Fun and joyfulness are treasured hallmarks of the holiday season as friends and family gather to eat, drink and be merry. Unfortunately, these festivities can also attract a certain uninvited guest that could long outstay its welcome: FOG.
We’re not talking about a weather phenomenon; we’re talking about fats, oils and grease, the aftermath of many holiday celebrations. When poured down the drain, FOG coats the inside of pipes. As it cools, it congeals, leaving a layer of icky gunk behind.
Over time, FOG can accumulate, restricting the flow of water through not only your home’s plumbing but the municipal collection system as well. If left undetected, a buildup of FOG can grow to unfathomable proportions — large enough to have earned the unpleasant moniker “fatberg.”
There have been many infamous fatberg incidents over the years. Perhaps one of the most memorable is the Whitechapel fatberg discovered in London in September 2017. This monster mass of fat and grease combined with so-called “flushable” wipes, sanitary products, and other debris grew stealthily beneath the city streets. When it was finally detected during routine maintenance, the enormous blob measured 250 yards long and weighed a whopping 143 tons.
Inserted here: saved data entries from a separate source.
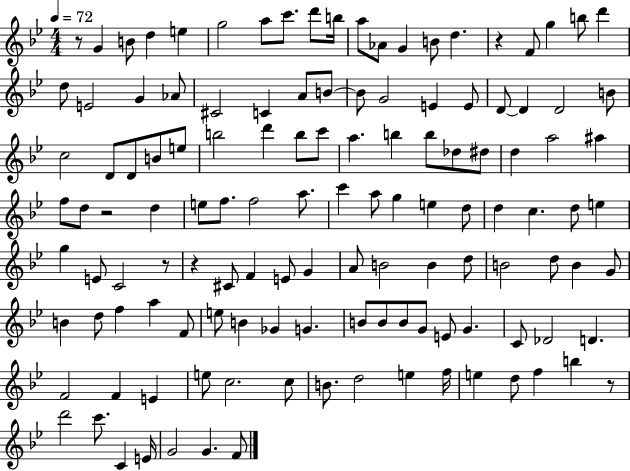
{
  \clef treble
  \numericTimeSignature
  \time 4/4
  \key bes \major
  \tempo 4 = 72
  r8 g'4 b'8 d''4 e''4 | g''2 a''8 c'''8. d'''8 b''16 | a''8 aes'8 g'4 b'8 d''4. | r4 f'8 g''4 b''8 d'''4 | \break d''8 e'2 g'4 aes'8 | cis'2 c'4 a'8 b'8~~ | b'8 g'2 e'4 e'8 | d'8~~ d'4 d'2 b'8 | \break c''2 d'8 d'8 b'8 e''8 | b''2 d'''4 b''8 c'''8 | a''4. b''4 b''8 des''8 dis''8 | d''4 a''2 ais''4 | \break f''8 d''8 r2 d''4 | e''8 f''8. f''2 a''8. | c'''4 a''8 g''4 e''4 d''8 | d''4 c''4. d''8 e''4 | \break g''4 e'8 c'2 r8 | r4 cis'8 f'4 e'8 g'4 | a'8 b'2 b'4 d''8 | b'2 d''8 b'4 g'8 | \break b'4 d''8 f''4 a''4 f'8 | e''8 b'4 ges'4 g'4. | b'8 b'8 b'8 g'8 e'8 g'4. | c'8 des'2 d'4. | \break f'2 f'4 e'4 | e''8 c''2. c''8 | b'8. d''2 e''4 f''16 | e''4 d''8 f''4 b''4 r8 | \break d'''2 c'''8. c'4 e'16 | g'2 g'4. f'8 | \bar "|."
}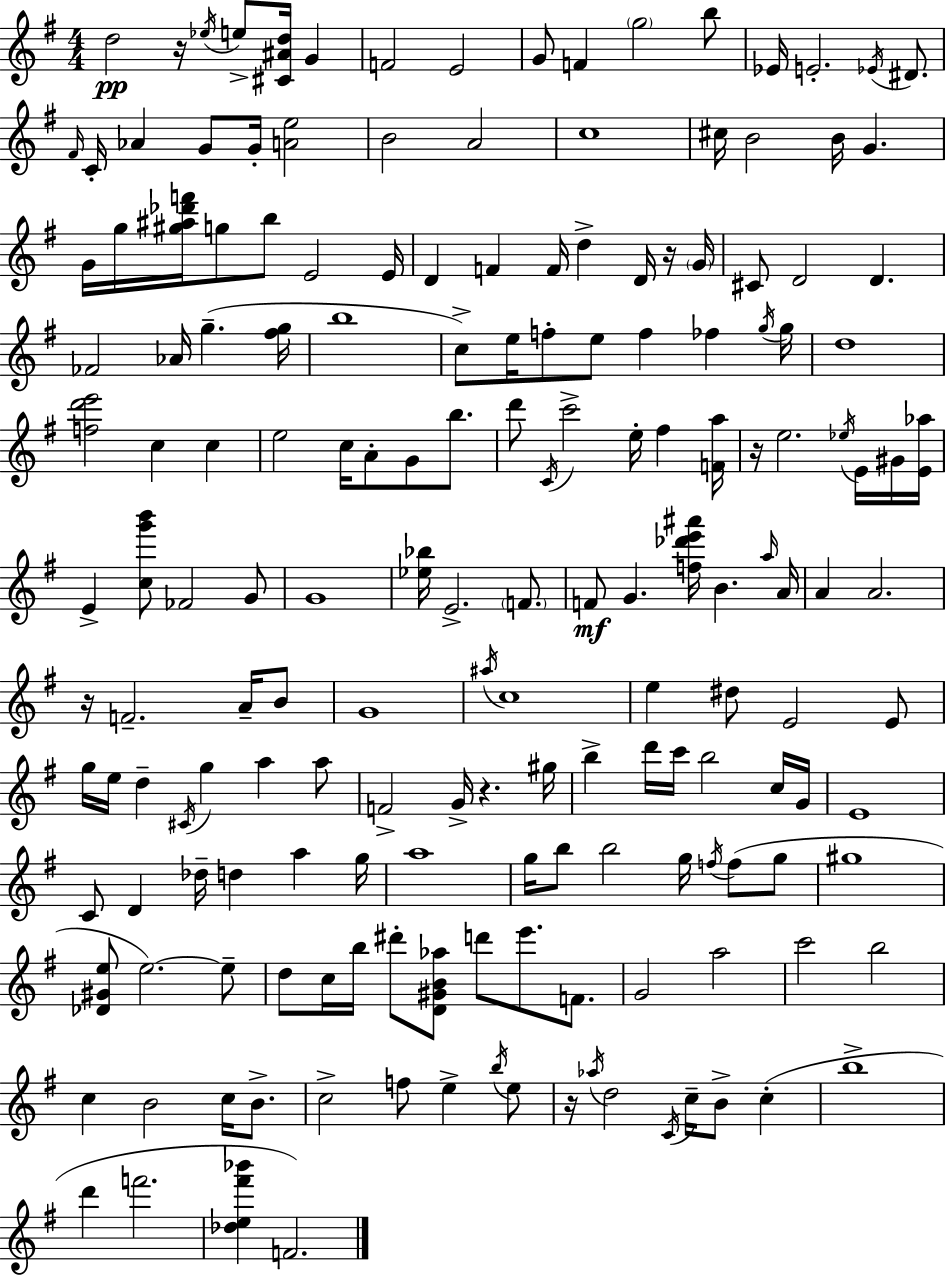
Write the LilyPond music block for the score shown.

{
  \clef treble
  \numericTimeSignature
  \time 4/4
  \key g \major
  d''2\pp r16 \acciaccatura { ees''16 } e''8-> <cis' ais' d''>16 g'4 | f'2 e'2 | g'8 f'4 \parenthesize g''2 b''8 | ees'16 e'2.-. \acciaccatura { ees'16 } dis'8. | \break \grace { fis'16 } c'16-. aes'4 g'8 g'16-. <a' e''>2 | b'2 a'2 | c''1 | cis''16 b'2 b'16 g'4. | \break g'16 g''16 <gis'' ais'' des''' f'''>16 g''8 b''8 e'2 | e'16 d'4 f'4 f'16 d''4-> | d'16 r16 \parenthesize g'16 cis'8 d'2 d'4. | fes'2 aes'16 g''4.--( | \break <fis'' g''>16 b''1 | c''8->) e''16 f''8-. e''8 f''4 fes''4 | \acciaccatura { g''16 } g''16 d''1 | <f'' d''' e'''>2 c''4 | \break c''4 e''2 c''16 a'8-. g'8 | b''8. d'''8 \acciaccatura { c'16 } c'''2-> e''16-. | fis''4 <f' a''>16 r16 e''2. | \acciaccatura { ees''16 } e'16 gis'16 <e' aes''>16 e'4-> <c'' g''' b'''>8 fes'2 | \break g'8 g'1 | <ees'' bes''>16 e'2.-> | \parenthesize f'8. f'8\mf g'4. <f'' des''' e''' ais'''>16 b'4. | \grace { a''16 } a'16 a'4 a'2. | \break r16 f'2.-- | a'16-- b'8 g'1 | \acciaccatura { ais''16 } c''1 | e''4 dis''8 e'2 | \break e'8 g''16 e''16 d''4-- \acciaccatura { cis'16 } g''4 | a''4 a''8 f'2-> | g'16-> r4. gis''16 b''4-> d'''16 c'''16 b''2 | c''16 g'16 e'1 | \break c'8 d'4 des''16-- | d''4 a''4 g''16 a''1 | g''16 b''8 b''2 | g''16 \acciaccatura { f''16 } f''8( g''8 gis''1 | \break <des' gis' e''>8 e''2.~~) | e''8-- d''8 c''16 b''16 dis'''8-. | <d' gis' b' aes''>8 d'''8 e'''8. f'8. g'2 | a''2 c'''2 | \break b''2 c''4 b'2 | c''16 b'8.-> c''2-> | f''8 e''4-> \acciaccatura { b''16 } e''8 r16 \acciaccatura { aes''16 } d''2 | \acciaccatura { c'16 } c''16-- b'8-> c''4-.( b''1-> | \break d'''4 | f'''2. <des'' e'' fis''' bes'''>4 | f'2.) \bar "|."
}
Thames Water crews worked around the clock for three weeks to dismantle the colossal fatberg, which had solidified to nearly the consistency of concrete. On a positive note, much of the dislodged, oily mass was transported to a facility where it was given new life as biodiesel to power city buses. And, to help educate the public about the importance of properly disposing of FOG and non-flushable materials, a large chunk of the Whitechapel fatberg was actually put on display at the Museum of London. The exhibit lasted from February to June 2018 and was reportedly one of the museum’s most popular attractions.
The Whitechapel fatberg, and similar giant clogs around the world, are extreme examples of how oil and grease can impact the sewer network but residential drainage systems are susceptible to blockage as well. Dumping FOG down your drain, garbage disposal, or toilet can contribute to mini-fatbergs that ultimately lead to clogged pipes, backups, and very expensive repairs. Instead, always dispose of fats, oils and grease in the trash, keeping your pipes clear and your holiday FOG-free.